A great way to find businesses to reach out to is through your local Chamber of Commerce (use Google to find their website), who generally will provide a large list of member businesses in the area. Try to send one email to every business on that list. In addition, target companies in the nearest metro area.


Promotional materials should be striking and feature your team’s branding, with an emphasis on succinct design. Your goal is to maximize information delivery using as few words as possible.

General Outreach Tips#

  • Reach out for donations early. Companies are most willing to donate money from September-November, when they are closing out the fiscal year. Reach out for sponsorships and donations around this time, as you will encounter more success.

  • Raise more money than you need. You never know when you’ll need to buy parts in an emergency, or qualify for the World Championship unexpectedly. Having extra money is never a bad thing.

  • Be consistent. It is easy to let outreach fall by the wayside when building a robot. However, programs that survive long periods of time are defined by their consistent outreach, as it creates inroads into their community for recruitment and funding.

  • Be persistent. If your idea doesn’t work the first time or doesn’t find the success you hoped, don’t give up! Evaluate what went wrong and try again.

  • Diversify. Try to do as many unique outreach events as possible, as it’ll be fun and enriching!

  • Maintain your relationships. Send thank you notes to organizations who host you and work with you, and keep them updated about your team’s progress. It is easier to ask for a favor from an organization that likes your team.
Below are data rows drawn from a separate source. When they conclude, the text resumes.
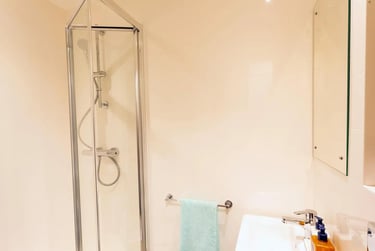 10 Bed Cluster Ensuite at SEREN, 66 Alexandra Road, City Centre, Swansea, SA15BD - Image 8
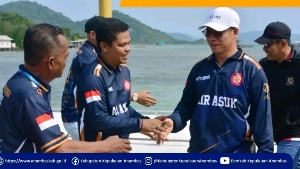 Tutup Turnamen Sepak Bola Karang Taruna Anggrek, Bupati Aneng: Menang Boleh, Persaudaraan Jangan Putus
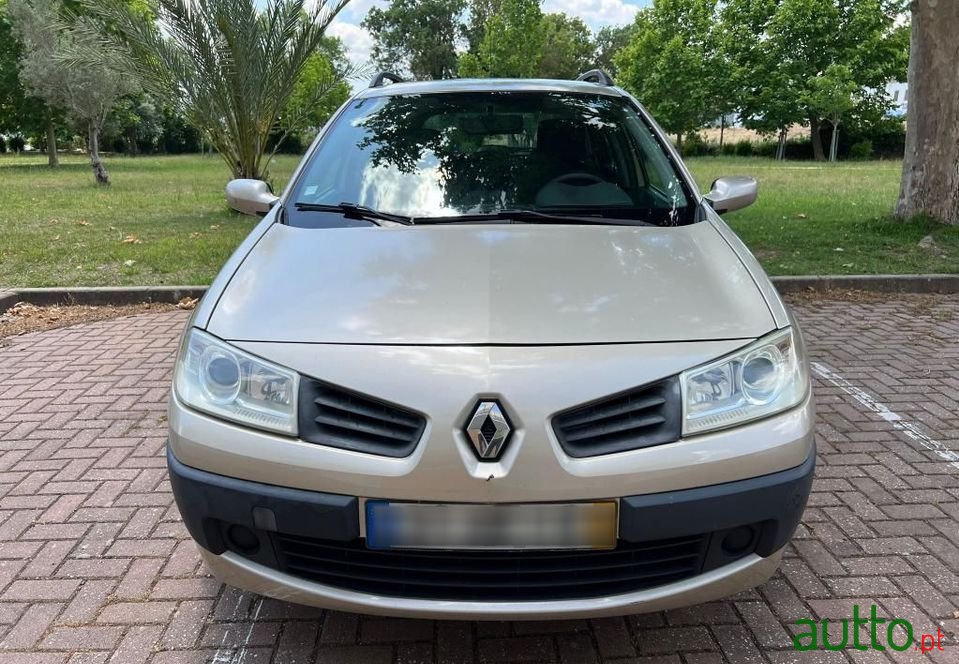 2006' Renault Megane Break photo #4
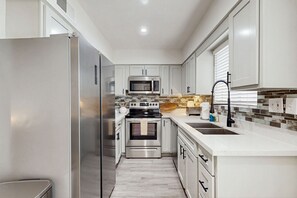 Geladeira, micro-ondas, fogão, cooktop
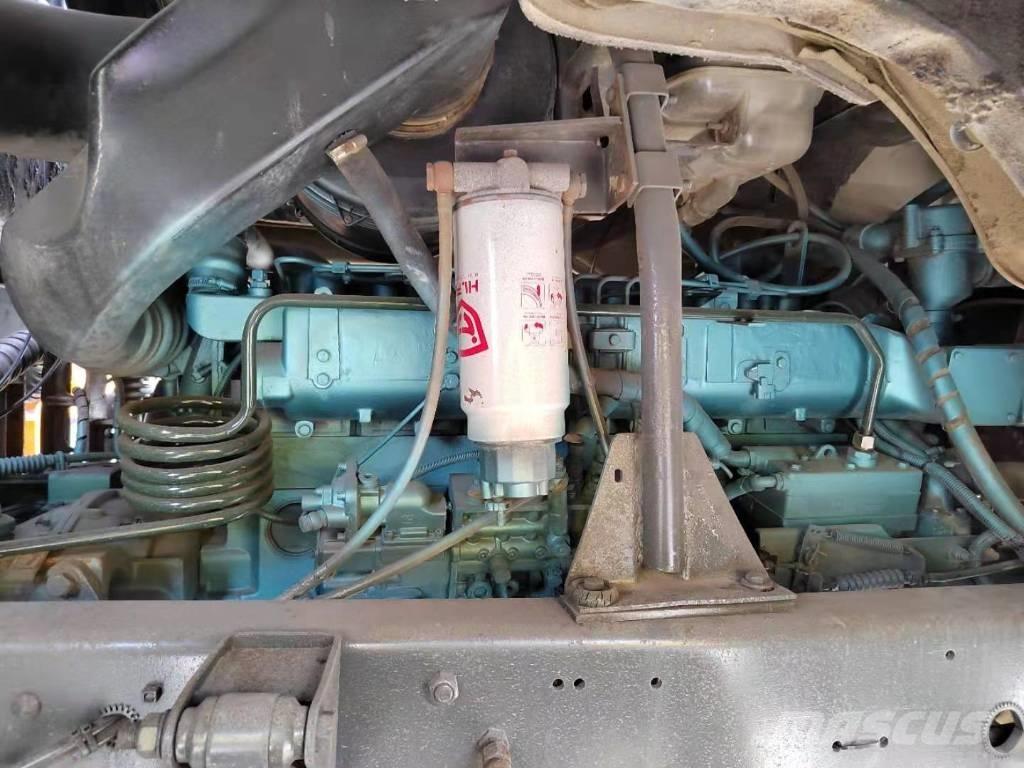 Howo 375 8x4 Sklápače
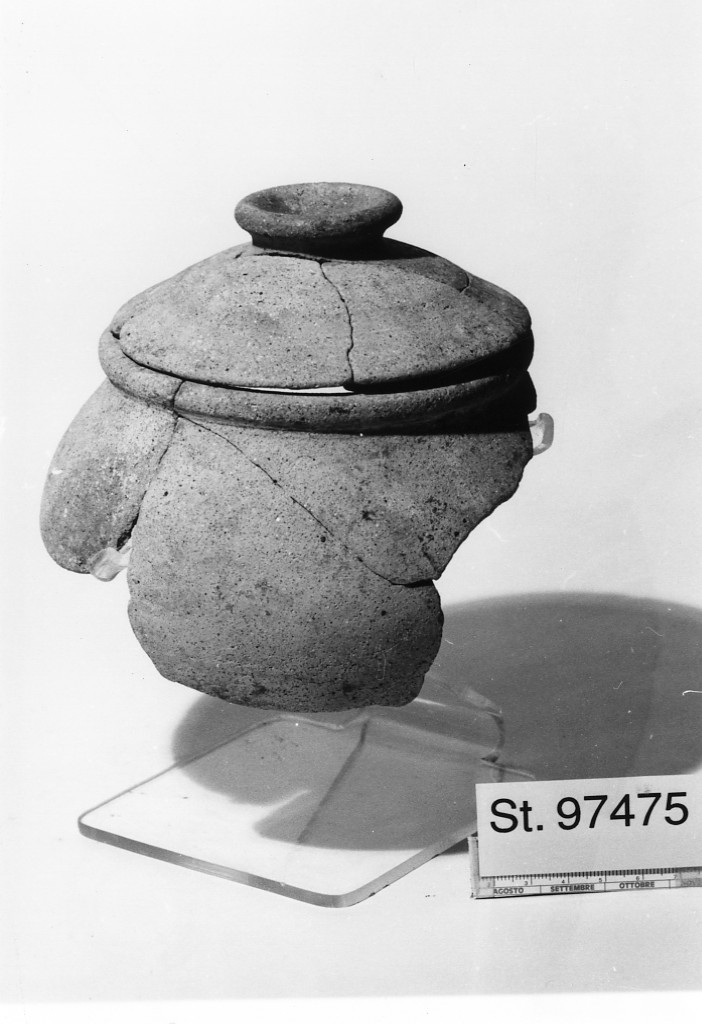 olla con coperchio, Casini-Frontini-Gatti 1986, tipi A1 e A - produzione etrusco-padana (sec. V a.C)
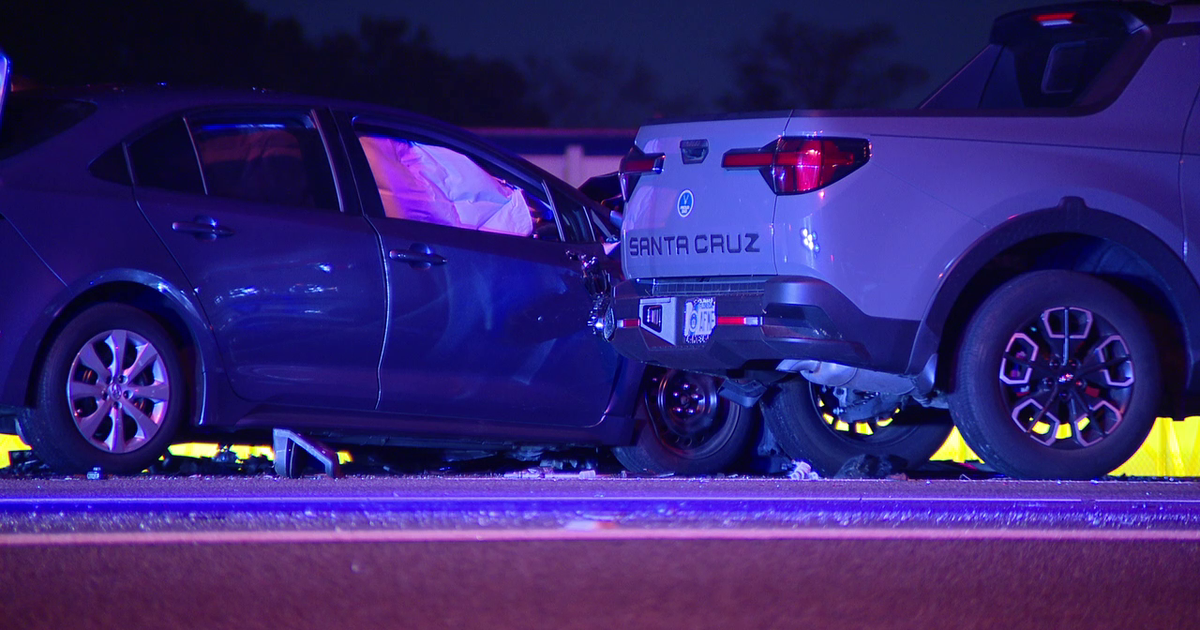 Westbound lanes of I-4 closed in Seffner after fatal crash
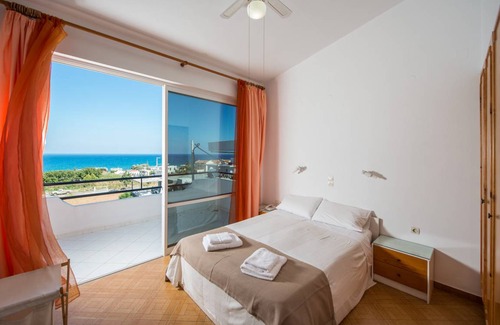 Kato Stalos Apartment | 72 m² Apartment ∙ 2 bedrooms ∙ 5 guests
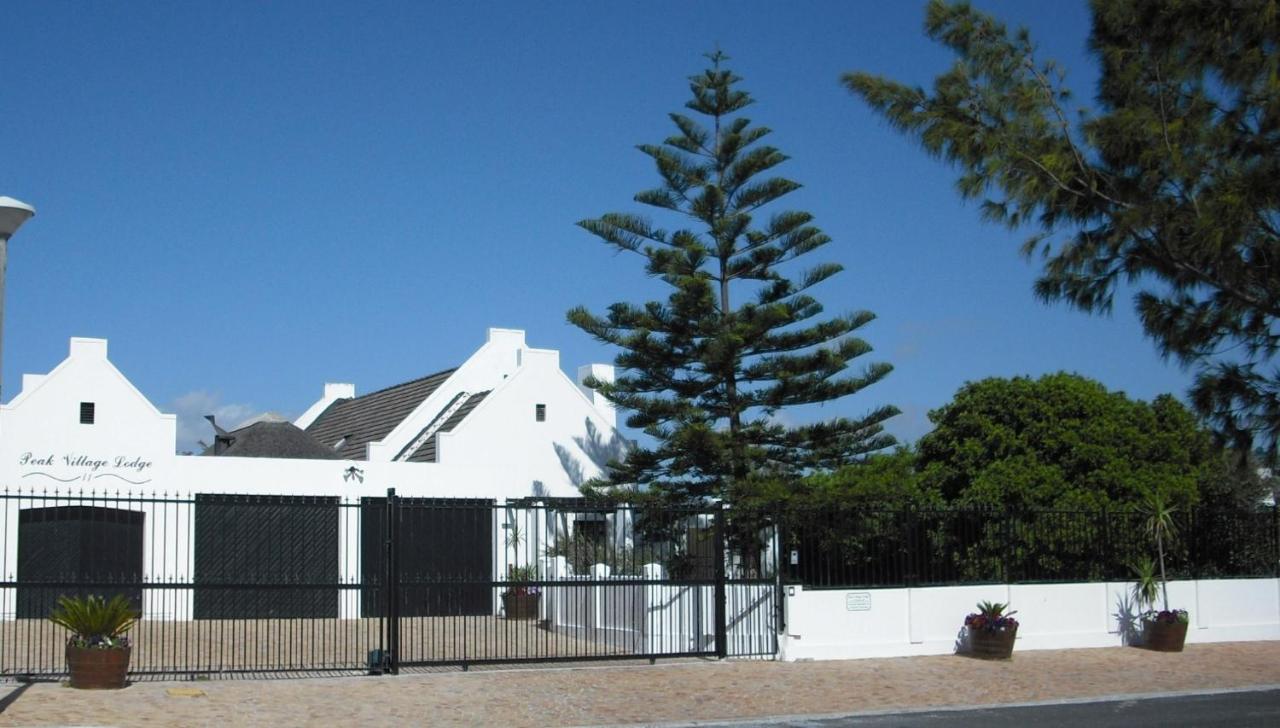 Peak Village Lodge - B&B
  • (Respectful) email spam always works. Send lots of emails. Your fundraising, Connect, and sponsorship email target should be 100+ a season - per category. The more emails you send, the higher the chance you will get a response.

  • Visit in person. It is much harder to ignore an in-person visit you pay to a company than it is to ignore an email. Prepare a one-page flyer and elevator pitch, and remember you have a limited amount of time to make an impression on the person you’re talking to.


Keep a list of the programs your team has created or contributed to. Ensure you take photos at every event with team members. Keep track of your Reach (tangible interaction or observation of your team), Engagement (how many people interacted with your team/you interacted with, e.g. by attending events), Impact (how many people are directly impacted by your outreach events), and Conversion (how many people get involved with your program.)

If looking to include these statistics in your judged presentation or portfolio, ensure you adhere to the “Awards Definitions” located in the appendix of Game Manual Part 1 that outline terms relating to outreach. These terms are: Started, Mentored, Assisted, Provided Published Resources, Ran, Hosted, Reached, and Advocated.